Task to complete
For this exercise, output exactly and only the lines running from the one with "Lampadario in ferro battuto" through the final line of the data below, without pictures.

Given data

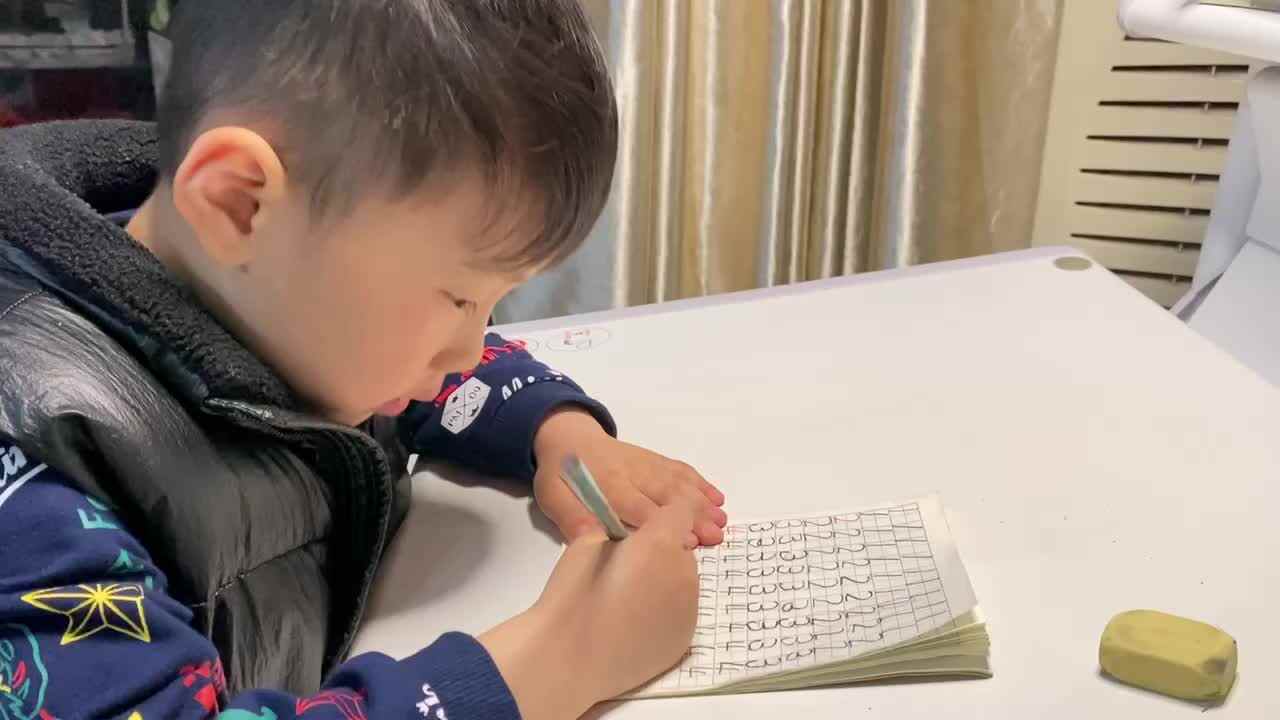 大C班 王晨帆 2021.3.22日 书写数字5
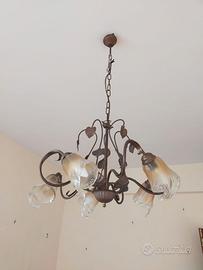 Lampadario in ferro battuto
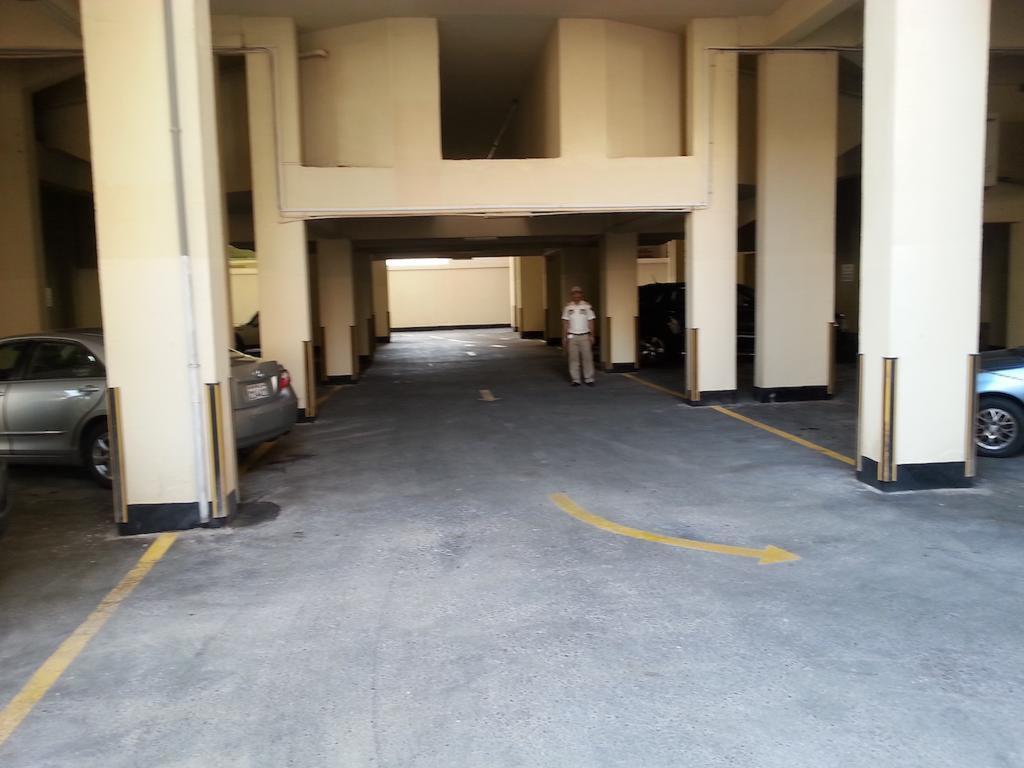 Al Sahab Tower Apartamento Manama Exterior foto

Task result
 Lampadario in ferro battuto
 Al Sahab Tower Apartamento Manama Exterior foto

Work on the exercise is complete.